En prélude à ce sommet le président kényan William Ruto a affirmé que l’Afrique pouvait réussir à dépendre entièrement des énergies renouvelables. « Le continent dispose d’un potentiel suffisant pour être entièrement autosuffisant grâce à un mélange d’énergie éolienne, solaire, géothermique, de biomasse durable et d’hydroélectricité ». Il a promulgué la semaine dernière une loi sur le changement climatique 2023, ouvrant la voie à la réglementation des marchés du carbone. Après l’Afrique du Sud, l’Inde et le Vietnam, cette nouvelle loi a pour ambition de permettre au Kenya d’obtenir des fonds pour lutter contre le changement climatique. Elle prévoit également de créer un registre national des émissions de gaz à effet de serre qui facilitera le commerce des crédits carbone.
Aujourd’hui le Kenya est un des rares pays à disposer d’une énergie quasiment à 90% renouvelable. 50% de l’électricité produite dans le pays provient de la géothermie. L’utilisation des eaux chaudes du Hell’s Gate font aujourd’hui du pays le premier producteur africain de géothermie et le 7e mondial.
Même si c’est au Kenya que les habitants disposent d’un des taux le plus élevé au monde d’énergie issue des panneaux solaires, des progrès restent à faire dans ce domaine. La technologie solaire importée au Kenya continue d’être taxée par des droits d’importation et les consommateurs doivent supporter le coût élevé de ce passage à l’énergie verte. La fiabilité de l’énergie solaire et son faible coût, malgré un capital d’installation initial élevé, ont plutôt attiré les aciéries et les usines d’huile comestible. La production d’énergie solaire du pays est passée de 7,44 millions de kilowattheures (kWh) par mois en 2021 à une moyenne de 30 millions de kWh par mois actuellement, selon l’EPRA (l’Autorité de Régulation de l’Énergie et du Pétrole). La moitié de cette énergie solaire générée provient de la Centrale Solaire de Garissa, contribuant à 2 % du mix énergétique national. Cette installation de 55 mégawatts (MW) est indiquée comme la « plus grande centrale solaire connectée au réseau en Afrique de l’Est et centrale ». D’une valeur de 136 millions de dollars et couvrant une superficie de 35 hectares, elle a été financée par la Chine.

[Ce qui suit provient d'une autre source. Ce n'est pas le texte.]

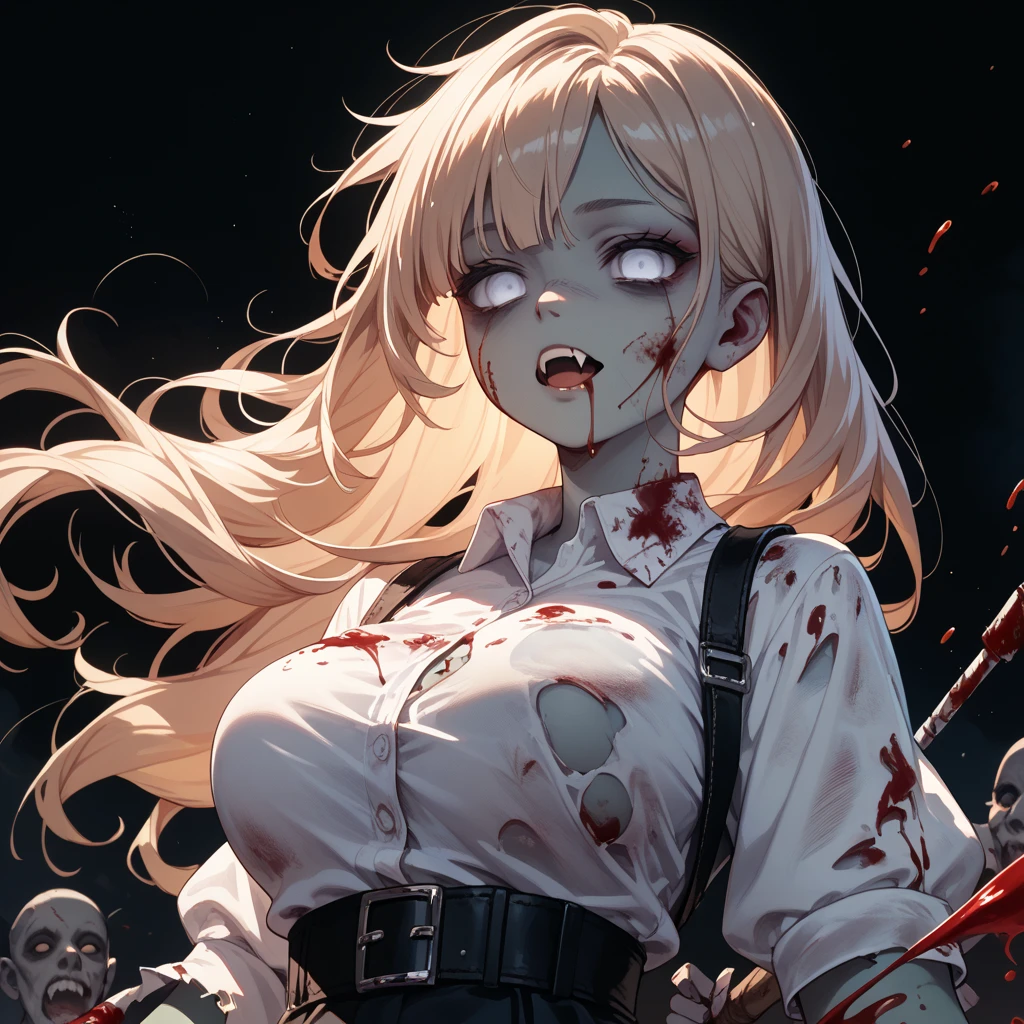 (finely detailed beautiful eyes and detailed zombie face,masterpiece sidelighting,masterpiece,best quality,detailed,high resolution illustration),, (1 depraved zombie,whole body,sundress,lustrous skin,looking down,looking at viewer),, (yellow hair,blue eyes,ribbon, sheer clothes), (clothed_underbust:1.2),underboob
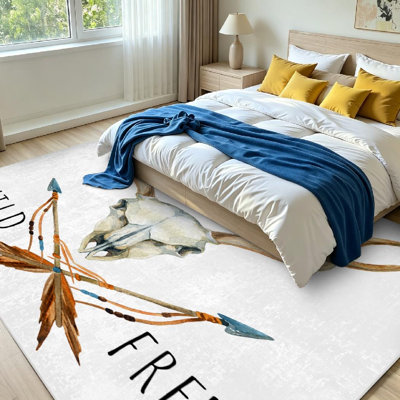 Tapis d'intérieur blanc lavable à la machine, motif crâne de cerf et animaux, idéal pour les rêves.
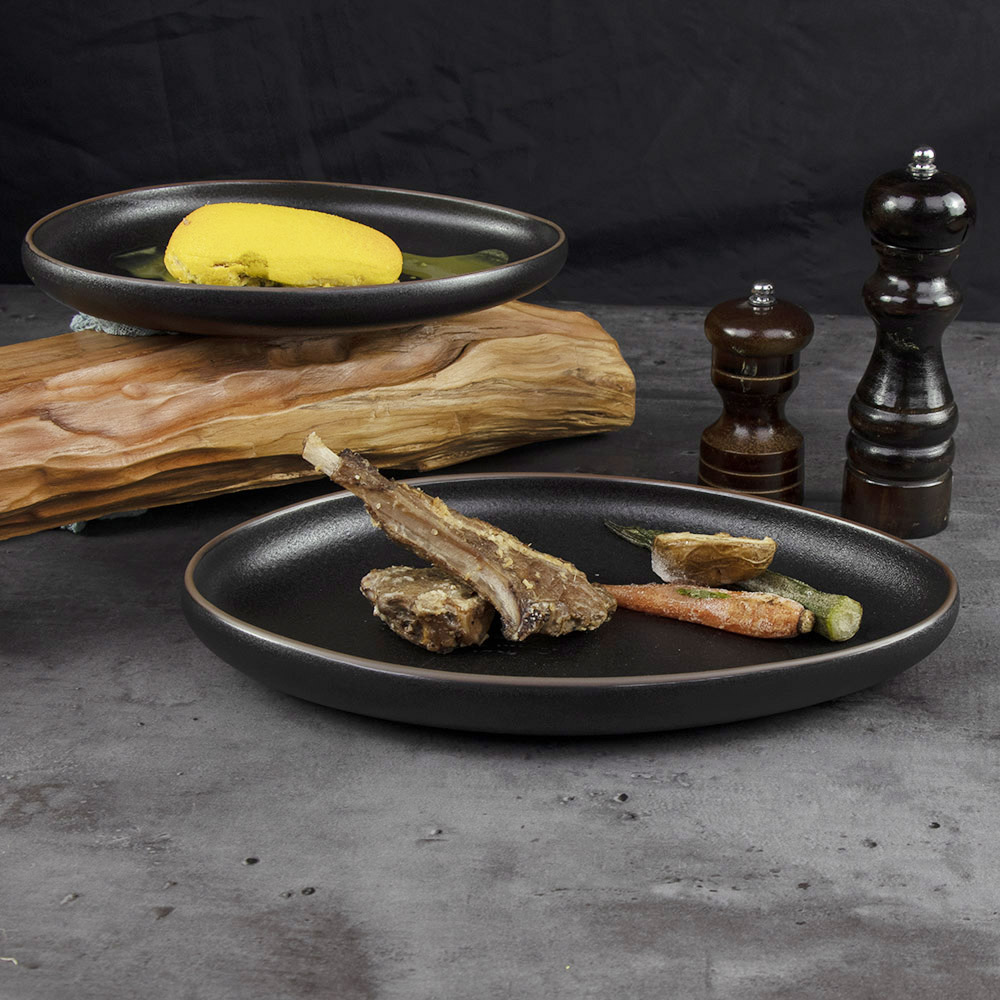 Farfurie Neregulată din Ceramică Veselă Vase Farfurii Cină Vase Negre din Ceramică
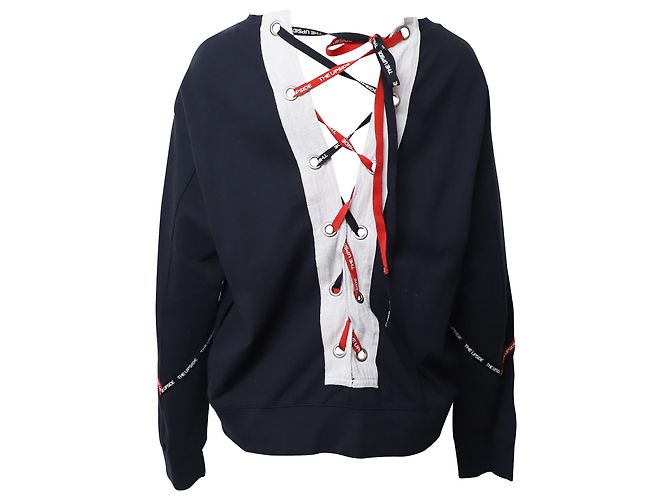Autre Marque The Upside Pullover mit Schnürung am Rücken aus blauer Viskose - Ansicht 3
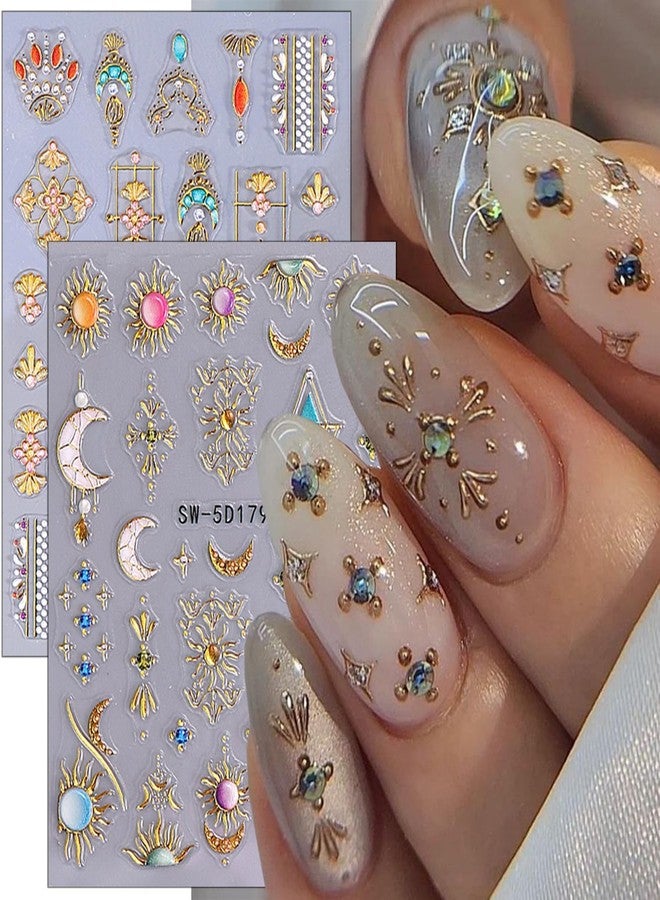 KZBTRBT 2Sheets 5D Moon Star Flower Nail Art Stickers Bohemian Style Bronzing Gold Heart Star Sun Gem Line Pattern Self-Adhesive Nail Decal Love Slider DIY Manicure Decoration Nail Supplies for Women - Image 1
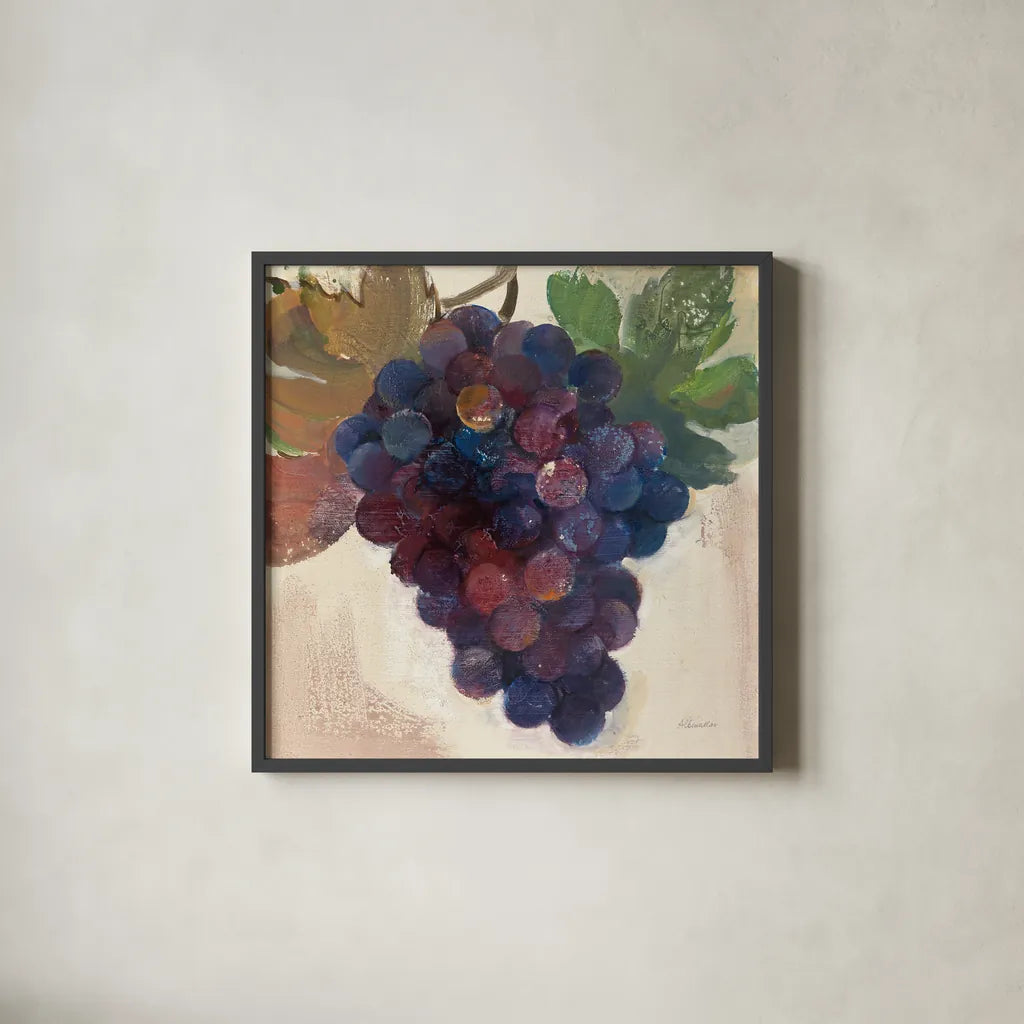 Grape Harvest IV by Albena Hristova. Shown in a sleek black glass frame for a contemporary gallery look. Available as an archival giclee rolled canvas, fine art paper, or poster print. SKU 55225a.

Le Kenya se positionne donc comme pionnier dans la lutte contre le changement climatique. Le ministre de l’Industrie et des Technologies avancées et président désigné de la COP28, Dr. Sultan bin Ahmed Al Jaber a ailleurs indiqué cette semaine que « le Kenya se rapprochait de son objectif de 100 % d’énergie propre d’ici à 2030 ». En interne tout n’est pas si évident. La dette publique du Kenya a atteint un niveau historique de 10.100 milliards de shillings (64,1 milliards d’euros) venant menacer la situation économique déjà fragile du pays. Le gouvernement a d’ailleurs été contraint cet été de prendre une décision inattendue en réintroduisant une modeste subvention sur l’essence. Une volte-face sur sa politique récente visant à stabiliser les prix à la pompe pour les semaines à venir. L’objectif affiché de William Ruto est donc maintenant de partager les technologies, et d’attirer les investisseurs verts pour freiner le dérèglement climatique en évitant de trop peser sur son économie.
L’agence des Nations unies pour l’environnement indique que 60 % des meilleurs sites solaires du monde se trouvent en Afrique et qu’il existe encore un grand potentiel, car cette énergie n’est exploitée qu’à hauteur de 1 %. Le continent n’a toutefois qu’une capacité installée similaire à la Belgique, ont souligné récemment le président kényan et le patron de l’Agence internationale de l’énergie. En cause, notamment : seuls 3 % des investissements mondiaux de la transition énergétique arrivent en Afrique, ont-ils déclaré.
Prochaine étape : la 28ème Conférence des Parties sur le Climat de l’ONU (COP 28) qui se déroulera du 30 novembre au 12 décembre prochain à Dubaï, aux Émirats Arabes Unis.